[[ Data provided, beginning ]]

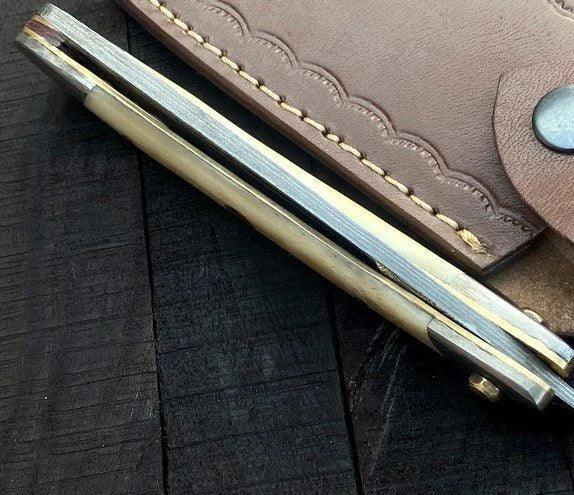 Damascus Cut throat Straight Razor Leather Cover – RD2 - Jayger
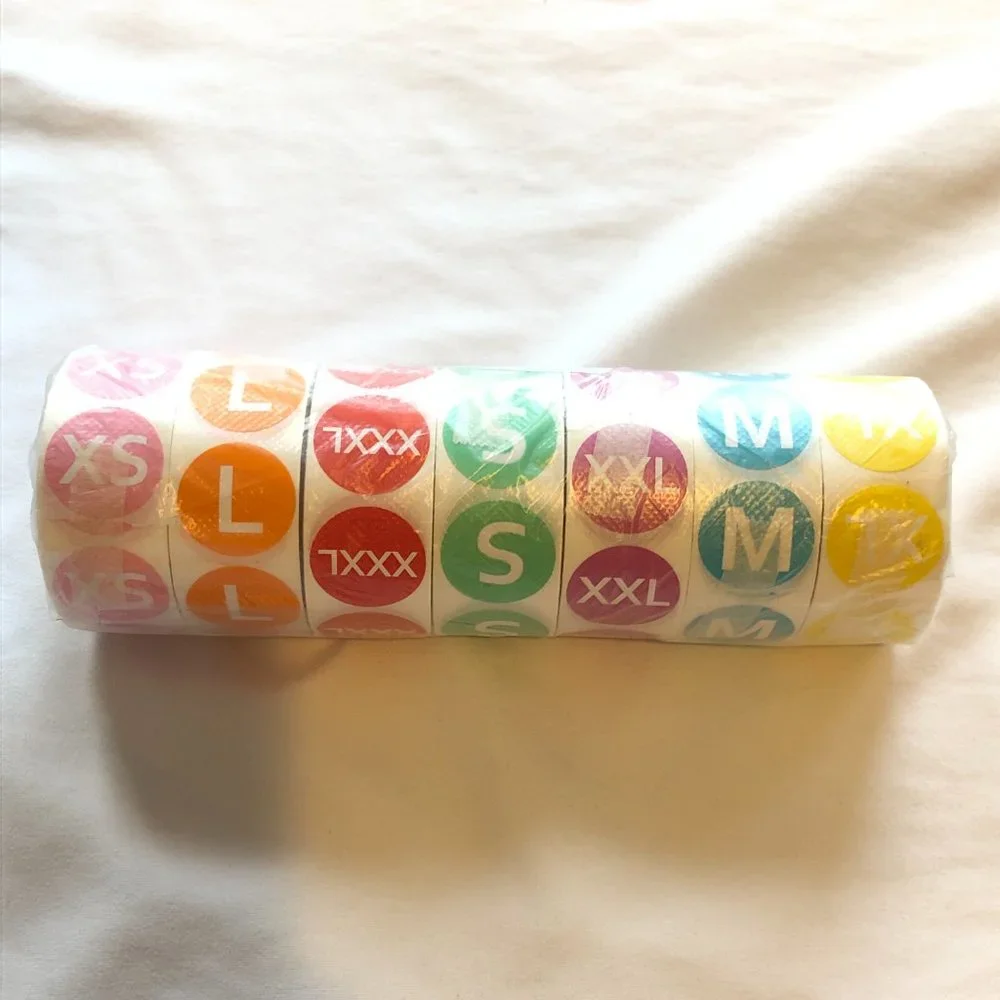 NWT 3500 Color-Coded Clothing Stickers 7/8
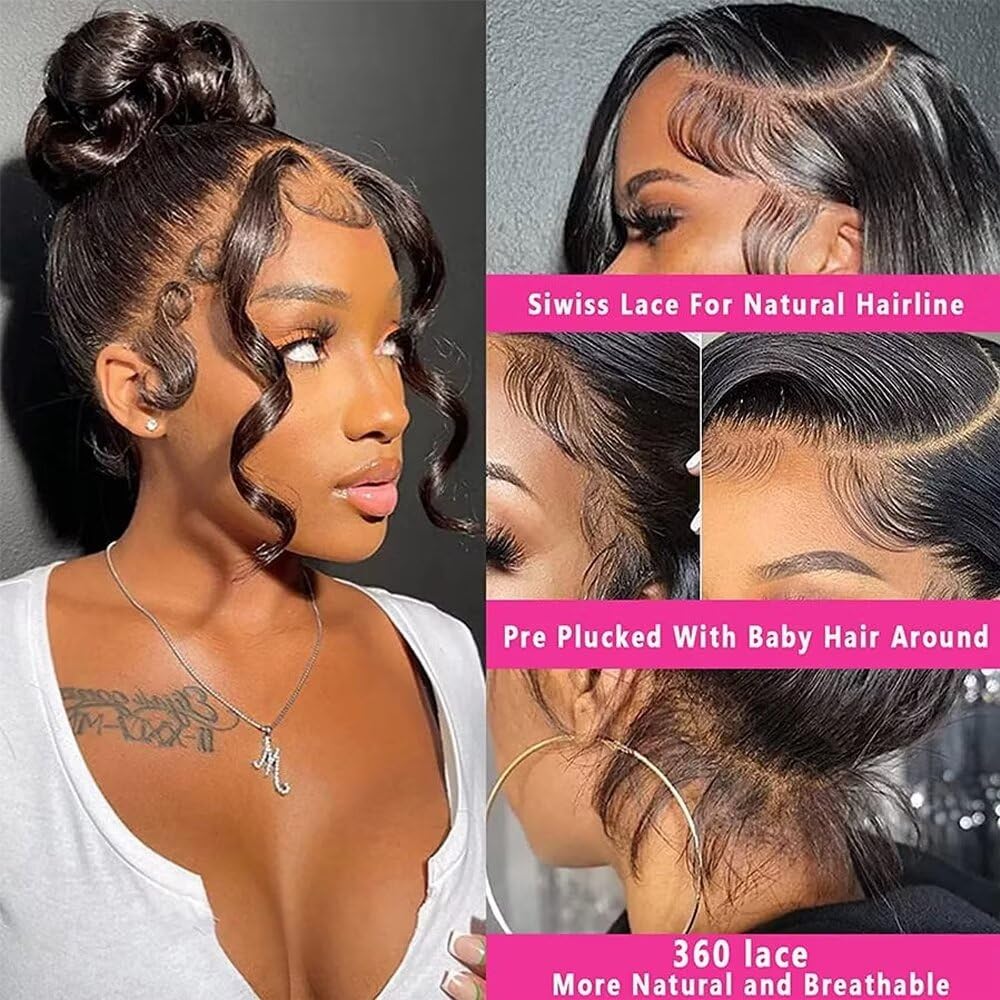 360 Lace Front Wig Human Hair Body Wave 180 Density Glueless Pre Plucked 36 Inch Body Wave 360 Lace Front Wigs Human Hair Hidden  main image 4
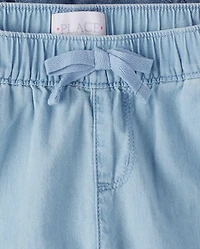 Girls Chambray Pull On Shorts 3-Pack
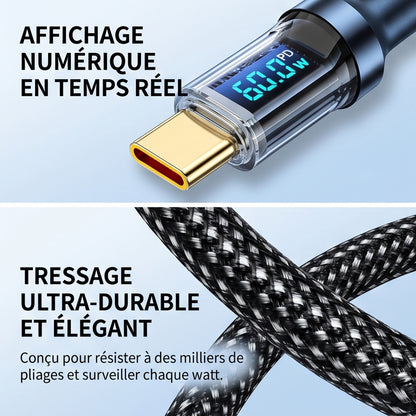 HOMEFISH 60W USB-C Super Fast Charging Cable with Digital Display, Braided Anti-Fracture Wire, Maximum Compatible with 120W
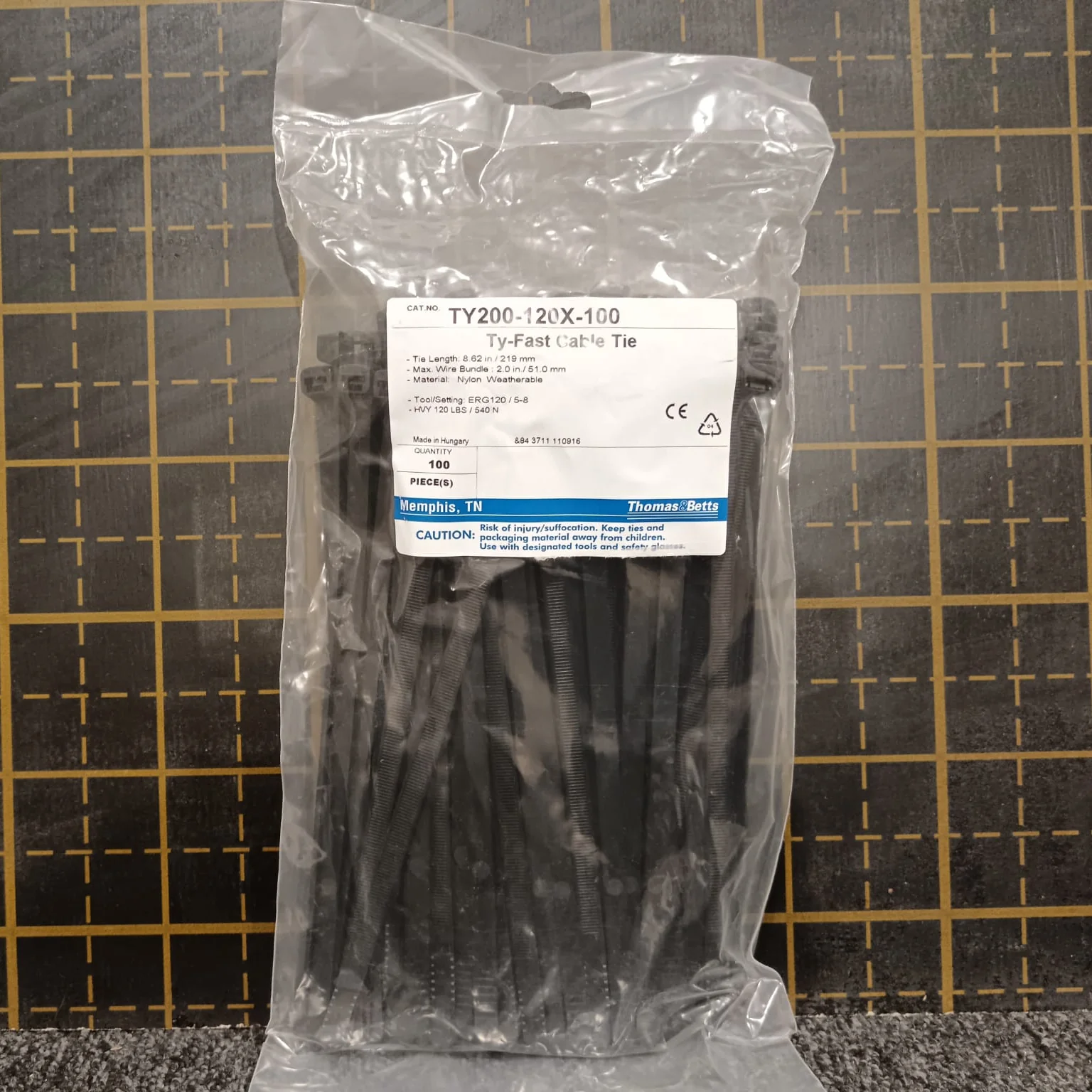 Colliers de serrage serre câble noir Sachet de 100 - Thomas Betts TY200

[[ Data provided, end ]]

All the data above is to be transcribed exactly, with no pictures included.

Response to the exercise:
 Damascus Cut throat Straight Razor Leather Cover – RD2 - Jayger
 NWT 3500 Color-Coded Clothing Stickers 7/8
 360 Lace Front Wig Human Hair Body Wave 180 Density Glueless Pre Plucked 36 Inch Body Wave 360 Lace Front Wigs Human Hair Hidden  main image 4
 Girls Chambray Pull On Shorts 3-Pack
 HOMEFISH 60W USB-C Super Fast Charging Cable with Digital Display, Braided Anti-Fracture Wire, Maximum Compatible with 120W
 Colliers de serrage serre câble noir Sachet de 100 - Thomas Betts TY200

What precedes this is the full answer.